E’ un dossier di 133 pagine, interessante e dettagliato, ma la nostra attenzione si focalizza solo su alcuni aspetti della sesta edizione del “Rapporto sulla competitività dei settori produttivi” redatto da Istat e presentato nei giorni scorsi a Milano. Aspetti legati a produttività e digitale, a banda larga e imprese italiane, alla digitalizzazione delle stesse.
E veniamo subito al dunque, ancora prima dei dati. Laddove il digitale c’è spinge produttività, investimenti e occupazione. Già sentito, quasi a noia, ma sono le stesse imprese italiane che esprimono il giudizio positivo nel Rapporto, dopo anni in sottotono. Le aziende italiane di industria e servizi, un pallino di Inno3, anche se di piccole dimensioni (con almeno 10 addetti) hanno dimostrato che il digitale è una leva per crescere. Anche se non ancora abbastanza per spingere il paese.
Partiamo dai dati sottotono. Primo dato: due aziende su tre non sono ancora state affascinate dalla digitalizzazione, restando indifferenti ad innovare i processi produttivi. Secondo dato: le aziende che registrano un tasso alto di digitalizzazione sono solo il 3% del totale. Terzo dato: la crescita del paese è stata di 0,2% dal 2013 al 2017 (contro lo 0,4% Uem). Quarto dato: a livello globale gli investimenti sono cresciuti dello 0,5% (contro una crescita europea dello 0,9%).

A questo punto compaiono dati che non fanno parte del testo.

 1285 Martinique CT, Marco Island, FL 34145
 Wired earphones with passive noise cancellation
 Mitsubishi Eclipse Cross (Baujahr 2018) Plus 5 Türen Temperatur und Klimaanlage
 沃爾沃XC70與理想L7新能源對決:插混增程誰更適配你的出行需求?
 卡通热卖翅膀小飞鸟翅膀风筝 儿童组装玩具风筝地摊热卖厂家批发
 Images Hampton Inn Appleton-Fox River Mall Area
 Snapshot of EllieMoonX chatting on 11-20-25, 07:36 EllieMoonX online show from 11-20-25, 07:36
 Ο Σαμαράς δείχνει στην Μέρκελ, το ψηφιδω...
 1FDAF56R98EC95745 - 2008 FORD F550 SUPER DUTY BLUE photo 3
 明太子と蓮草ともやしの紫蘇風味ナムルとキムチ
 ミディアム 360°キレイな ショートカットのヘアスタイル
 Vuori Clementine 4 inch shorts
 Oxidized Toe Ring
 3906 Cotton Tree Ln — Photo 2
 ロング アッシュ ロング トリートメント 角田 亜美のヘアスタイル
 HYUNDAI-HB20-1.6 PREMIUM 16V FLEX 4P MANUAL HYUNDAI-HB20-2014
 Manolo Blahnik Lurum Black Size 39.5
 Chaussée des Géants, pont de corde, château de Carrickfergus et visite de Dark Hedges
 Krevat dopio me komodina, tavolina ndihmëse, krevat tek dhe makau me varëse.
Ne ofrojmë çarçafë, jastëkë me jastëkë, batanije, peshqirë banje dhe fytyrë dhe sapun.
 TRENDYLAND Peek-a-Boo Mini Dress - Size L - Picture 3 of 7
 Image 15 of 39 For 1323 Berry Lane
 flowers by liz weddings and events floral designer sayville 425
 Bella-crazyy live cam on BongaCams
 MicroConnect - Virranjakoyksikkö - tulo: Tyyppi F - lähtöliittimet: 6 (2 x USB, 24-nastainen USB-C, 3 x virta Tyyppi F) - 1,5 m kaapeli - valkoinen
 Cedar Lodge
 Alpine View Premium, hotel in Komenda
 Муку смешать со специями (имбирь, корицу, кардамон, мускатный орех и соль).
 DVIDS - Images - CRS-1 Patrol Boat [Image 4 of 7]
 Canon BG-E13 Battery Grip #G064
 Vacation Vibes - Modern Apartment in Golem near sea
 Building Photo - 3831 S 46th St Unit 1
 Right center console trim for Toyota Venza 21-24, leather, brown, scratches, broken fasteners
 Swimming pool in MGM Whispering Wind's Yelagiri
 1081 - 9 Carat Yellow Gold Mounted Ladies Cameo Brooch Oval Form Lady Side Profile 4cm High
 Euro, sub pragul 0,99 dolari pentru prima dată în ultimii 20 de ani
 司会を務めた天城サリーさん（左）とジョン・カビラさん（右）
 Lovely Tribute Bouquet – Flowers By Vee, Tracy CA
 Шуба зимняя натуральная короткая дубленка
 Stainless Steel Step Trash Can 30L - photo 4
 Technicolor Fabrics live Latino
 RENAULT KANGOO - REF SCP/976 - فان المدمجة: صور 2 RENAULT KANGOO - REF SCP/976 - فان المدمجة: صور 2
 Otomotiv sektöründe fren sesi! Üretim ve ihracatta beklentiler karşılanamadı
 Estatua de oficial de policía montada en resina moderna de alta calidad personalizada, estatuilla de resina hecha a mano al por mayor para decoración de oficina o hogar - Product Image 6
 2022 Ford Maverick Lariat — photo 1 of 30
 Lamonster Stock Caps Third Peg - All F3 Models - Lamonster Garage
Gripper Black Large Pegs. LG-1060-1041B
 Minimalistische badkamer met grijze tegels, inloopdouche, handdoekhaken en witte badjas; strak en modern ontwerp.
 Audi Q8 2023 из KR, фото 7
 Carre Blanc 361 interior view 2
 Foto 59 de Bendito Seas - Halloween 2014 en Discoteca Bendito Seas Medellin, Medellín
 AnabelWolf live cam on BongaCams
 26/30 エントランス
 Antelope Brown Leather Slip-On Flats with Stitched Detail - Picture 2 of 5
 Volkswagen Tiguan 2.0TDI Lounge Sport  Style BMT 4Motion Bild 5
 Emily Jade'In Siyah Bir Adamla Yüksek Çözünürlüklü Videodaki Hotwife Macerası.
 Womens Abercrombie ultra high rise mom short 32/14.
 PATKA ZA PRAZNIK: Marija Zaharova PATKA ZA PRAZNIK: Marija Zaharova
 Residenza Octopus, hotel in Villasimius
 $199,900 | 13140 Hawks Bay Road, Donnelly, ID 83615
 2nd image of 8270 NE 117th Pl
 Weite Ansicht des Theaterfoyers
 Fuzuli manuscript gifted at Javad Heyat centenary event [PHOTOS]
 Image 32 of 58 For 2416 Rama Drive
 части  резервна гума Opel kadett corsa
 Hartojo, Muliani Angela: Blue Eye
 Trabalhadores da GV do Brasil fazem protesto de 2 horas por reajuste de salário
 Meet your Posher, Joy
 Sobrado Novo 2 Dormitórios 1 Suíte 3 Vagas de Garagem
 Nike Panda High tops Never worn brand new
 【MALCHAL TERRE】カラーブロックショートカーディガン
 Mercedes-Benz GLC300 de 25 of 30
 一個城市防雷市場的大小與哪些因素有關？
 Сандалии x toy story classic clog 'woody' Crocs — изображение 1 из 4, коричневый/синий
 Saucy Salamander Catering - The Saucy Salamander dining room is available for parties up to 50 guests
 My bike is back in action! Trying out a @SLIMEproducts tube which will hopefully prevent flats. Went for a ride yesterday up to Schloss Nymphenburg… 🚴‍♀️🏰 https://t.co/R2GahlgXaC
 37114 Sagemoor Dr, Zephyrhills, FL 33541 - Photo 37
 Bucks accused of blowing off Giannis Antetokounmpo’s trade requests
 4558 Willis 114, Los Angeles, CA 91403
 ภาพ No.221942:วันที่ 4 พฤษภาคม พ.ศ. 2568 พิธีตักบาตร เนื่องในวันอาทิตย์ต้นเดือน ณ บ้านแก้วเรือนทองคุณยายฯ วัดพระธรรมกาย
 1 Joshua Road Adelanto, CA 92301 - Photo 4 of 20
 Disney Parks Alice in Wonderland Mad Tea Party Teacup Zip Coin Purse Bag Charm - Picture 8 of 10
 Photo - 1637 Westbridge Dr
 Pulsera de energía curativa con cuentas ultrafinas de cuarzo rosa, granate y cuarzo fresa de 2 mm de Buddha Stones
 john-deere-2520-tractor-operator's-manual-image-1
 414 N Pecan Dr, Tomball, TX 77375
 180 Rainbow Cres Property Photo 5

Se si guarda nello specifico il tema della trasformazione digitale, si osserva che in Italia solo il 7% delle imprese ha accesso a banda larga (ultimo posto in compagnia della Grecia, come mostra il grafico) e solo il 44% delle aziende italiane online utilizza i social media per le proprie attività, proponendo solo per il 15% ecommerce.
Ma – ecco i dati rincuoranti – il 48,7% delle aziende con più di dieci addetti, nel triennio 2014-2016, ha innovato di più rispetto al 2012-2014 (+4%), con attitudini diverse: il 30,3% delle aziende rientra nella categoria degli “Innovatori forti” trasformando prodotti e processi; quasi il 25% sono “Innovatori di prodotto” in prevalenza nel settore Manifatturiero; il 18,5% sono “Innovatori di processo”; il 22% “Innovatori deboli”, innovano cioè solo l’organizzazione o il marketing, in prevalenza nel Settore Servizi. Sono invece “Potenziali innovatori”, aziende che hanno svolto attività di trasformazione tecnologica senza alla fine tradurle in innovazione, il 4,9% del totale.
Un giudizio positivo anche per le politiche di stimolo nell’ambito del Piano Nazionale Impresa 4.0: per il 62,1% delle imprese manifatturiere il super ammortamento ha svolto un ruolo “molto” o “abbastanza” rilevante nella decisione di investire nel 2017; l’Iper ammortamento per il 47,6% (53% nelle medie imprese, 57,6% delle grandi); infine, il credito d’imposta per spese in R&S è stato ritenuto rilevante dal 40,8% delle imprese.
Altri segnali di interesse in settimana: impegni stipulati per nuovi cantieri di sperimentazione del 5G (l’ultimo annunciato è il memorandum di intenti tra Tim e Ericsson per Genova), impegni proclamati nei messaggi di insediamento dei nuovi presidenti di Camera e Senato che hanno citato il tema del digitale come elemento chiave del processo di cambiamento. Un impegno che è un imperativo come il presidente di Confindustria Digitale, Elio Catania, (in un’intervista a Inno3) ribadisce: “In questo momento siamo in una fase veramente delicata. Abbiamo superato la fase zero, quella della consapevolezza, adesso dobbiamo entrare nella fase concreta di progettazione: un progetto di integrazione digitale per ogni impresa. Questo deve essere l’imperativo su cui tutti quanti noi ci dobbiamo impegnare. Abbiamo davanti una fase di incertezza politica, mi auspico che la tecnologia e il digitale venga rimessa al centro della politica economica del Paese. Ma nell’attesa non possiamo star fermi. Impresa 4.0 non è uno slogan di marketing, è il modo in cui stiamo ridisegnando l’economia del nostro paese”. Sfide comuni per tutti.